The bioactivity scores (BS) of L–L were calculated for different parameters such as TPSA, NH···O or N-HO interaction and molecular volume and compared with some standard medications. All of the mentioned parameters were calculated with the Molinspiration online software (www.molinspiration.com), which predicted a moderate biological activity for the synthesized compounds (L–L).
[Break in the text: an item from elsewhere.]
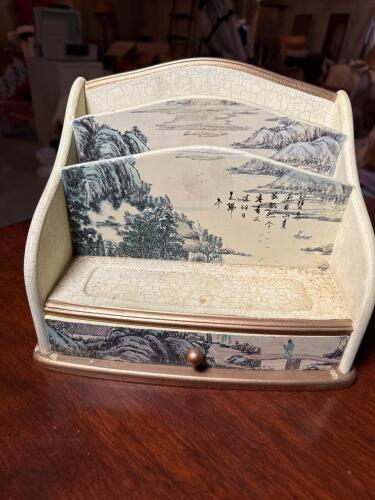 Asian-Style Painted Wooden Desk Organizer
Molecular Docking and Molecular Dynamics Simulations

The ADVina algorithm was implemented to perform the molecular docking of the hit and reference molecules (benomyl) to the binding site of F. oxysporum β-tubulin.[53] The protein three-dimensional (3D) structure, namely, Fusarium oxysporum Guanine nucleotide-binding protein β (Fgb1), was generated using the SWISS-MODEL server,[54] as a fully automated protein homology modeling workflow. The docking grids with a 3D size of 22.5 Å were used in the study. The binding site was determined according to the information obtained from the α-tubulin-taxol crystallized complex (PDB ID: 1JFF) with Cartesian coordinates of 332.24 Å (x-axis), 424.26 Å (y-axis), and 323.41 Å (z-axis). The PyMOL molecular imaging software and the in-house Python data processing scripts were utilized to calculate the dissociation constants (Kd) from the ΔGbind (Gibbs free energy of binding) values, generate high-quality graphics, and analyze the results (PyMOL Molecular Graphics System, Version 1.7.2.1, Schrödinger, LLC). All molecular dynamics (MD) simulations were performed using the AMBER 16 package,[55] with the FF99SB and GAFF force fields for the protein and its ligands. The systems were solvated with the TIP3P water models and neutralized by adding the Na+ ions using the tLEap input script available from the AmberTools package. Long-range electrostatic interactions were modeled via the particle–mesh Ewald method.[56] The SHAKE algorithm,[57] was applied to constrain the length of covalent bonds, including the hydrogen atoms. Langevin thermostat was implemented to equilibrate the temperature of the system at 300 K. A 2.0 fs time step was used in all of the MD setups. For the minimization and equilibration phases, 50 000 steps and 1 ns period were used, respectively. Finally, 50 ns classical MD simulations, with no constraints were performed for each of the protein–ligand complexes using the molecular mechanics combined with the Poisson–Boltzmann (MM-PBSA) or generalized Born (MM-GBSA) surface area term.[58,59] The MM-PBSA/GBSA solvation models were applied as a postprocessing end-state method to calculate the free energies of molecules in the solution employing the optimized python script (MM-PBSA.py).